WHAT THIS TASK INVOLVES -> Line by line, transcribe the data below exactly and pass over the images.

DATA SEGMENT ->

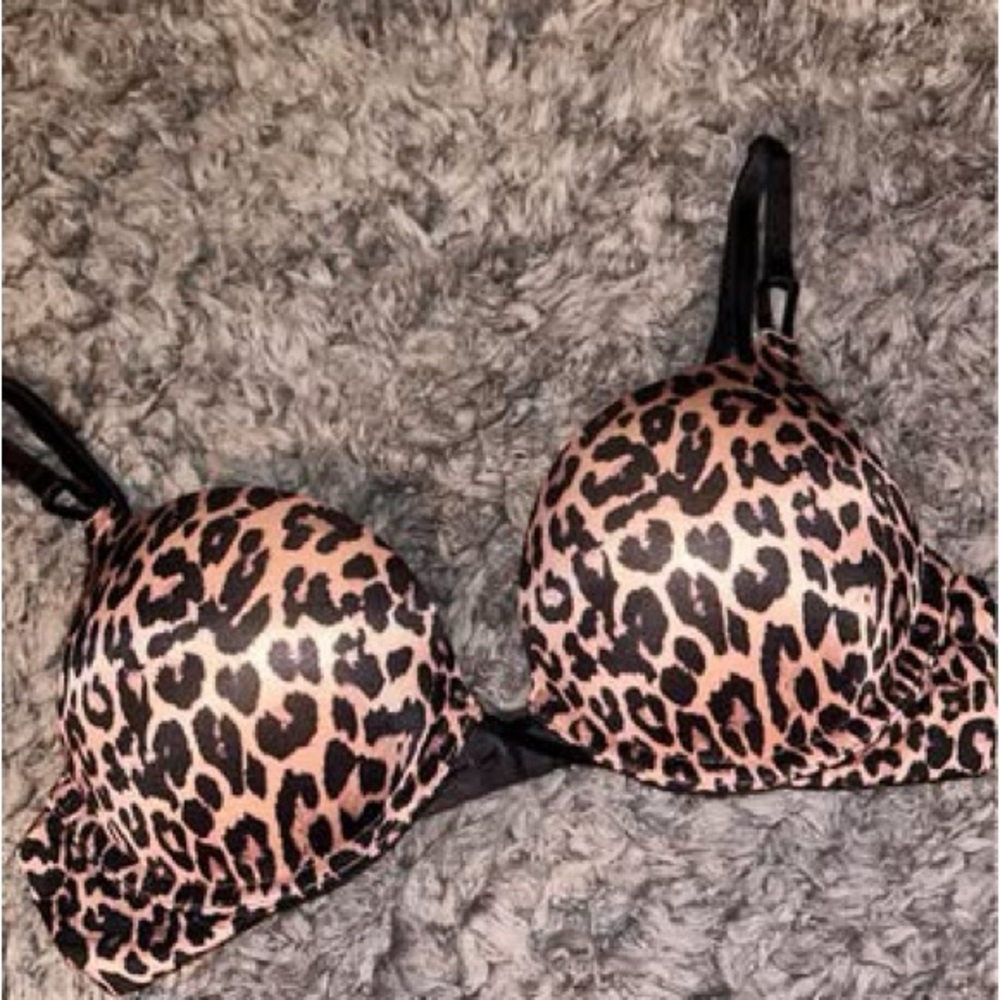 Victoria's Secret Very Sexy Women’s Bombshell Bra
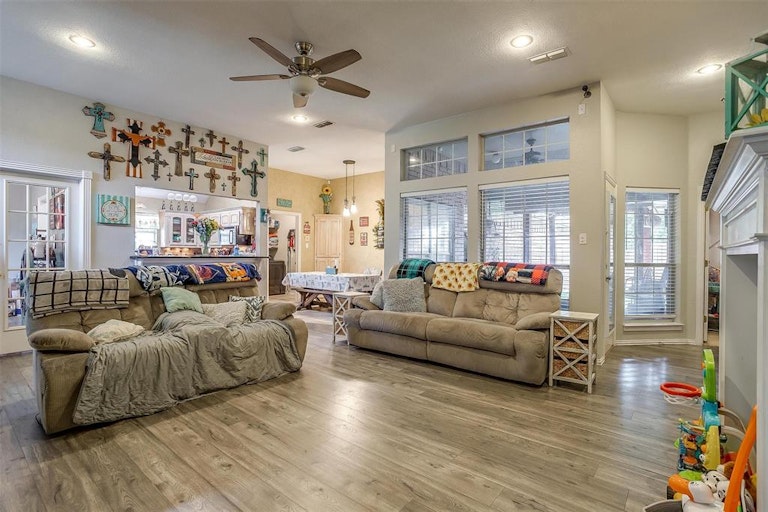 Photo 20 of 40 - 509 Arbor Lawn Dr, Burleson, TX 76028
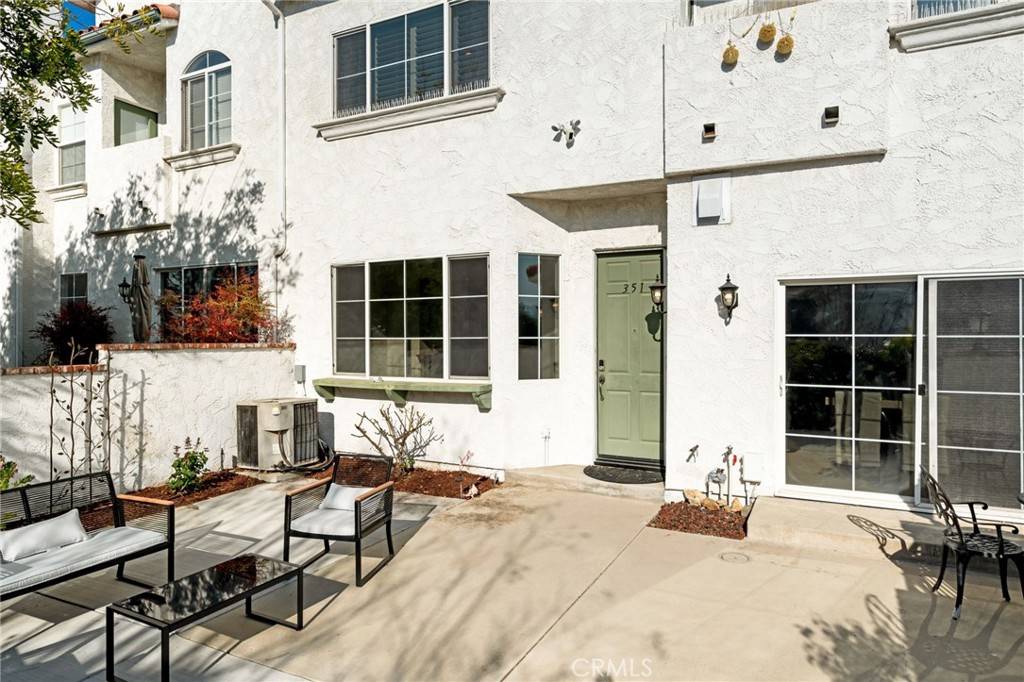 Thousand Oaks, CA 91362,351 Westlake Vista LN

YOUR SOLUTION ->
 Victoria's Secret Very Sexy Women’s Bombshell Bra
 Photo 20 of 40 - 509 Arbor Lawn Dr, Burleson, TX 76028
 Thousand Oaks, CA 91362,351 Westlake Vista LN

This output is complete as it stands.